▸ **Problem details**
Pull every line containing "Hello" from the data.

▸ **Dataset entries**
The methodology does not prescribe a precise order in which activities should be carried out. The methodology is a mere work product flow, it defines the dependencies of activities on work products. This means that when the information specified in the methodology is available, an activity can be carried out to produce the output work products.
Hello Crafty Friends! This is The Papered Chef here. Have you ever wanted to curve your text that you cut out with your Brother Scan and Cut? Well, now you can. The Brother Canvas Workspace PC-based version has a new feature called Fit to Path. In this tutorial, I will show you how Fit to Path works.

* * *

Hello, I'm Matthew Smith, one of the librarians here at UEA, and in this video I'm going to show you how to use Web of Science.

...

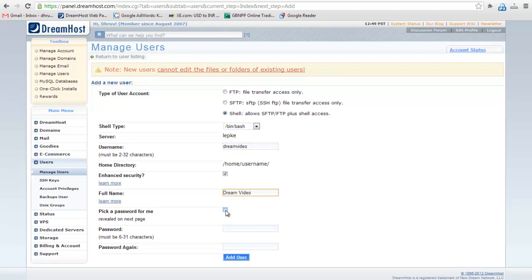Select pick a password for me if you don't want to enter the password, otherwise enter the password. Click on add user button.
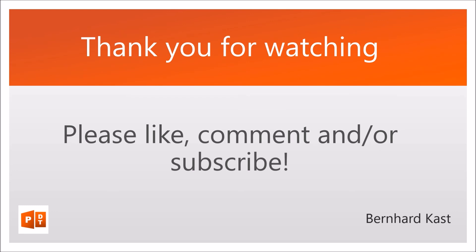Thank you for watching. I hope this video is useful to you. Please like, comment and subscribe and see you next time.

▸ **Task result**
Hello Crafty Friends! This is The Papered Chef here. Have you ever wanted to curve your text that you cut out with your Brother Scan and Cut? Well, now you can. The Brother Canvas Workspace PC-based version has a new feature called Fit to Path. In this tutorial, I will show you how Fit to Path works.
Hello, I'm Matthew Smith, one of the librarians here at UEA, and in this video I'm going to show you how to use Web of Science.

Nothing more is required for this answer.